╔══

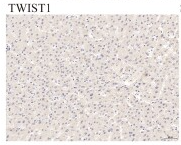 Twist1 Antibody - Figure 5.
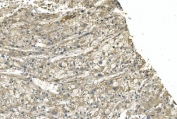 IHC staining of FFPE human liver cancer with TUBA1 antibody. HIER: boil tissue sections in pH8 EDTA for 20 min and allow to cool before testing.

╚══
╔══

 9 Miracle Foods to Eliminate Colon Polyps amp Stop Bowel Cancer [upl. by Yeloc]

╚══
╔══

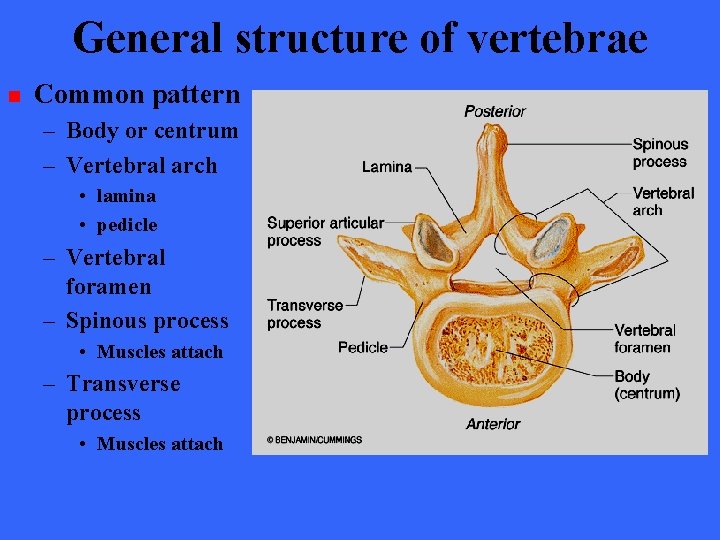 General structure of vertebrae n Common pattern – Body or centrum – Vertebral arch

╚══

Exercise aim -> All that should be printed is the run of lines above from the one with "Twist1 Antibody - Figure 5." through the one with "IHC staining of", both included, exactly as given, with pictures left out.

Answer to this problem ->
 Twist1 Antibody - Figure 5.
 IHC staining of FFPE human liver cancer with TUBA1 antibody. HIER: boil tissue sections in pH8 EDTA for 20 min and allow to cool before testing.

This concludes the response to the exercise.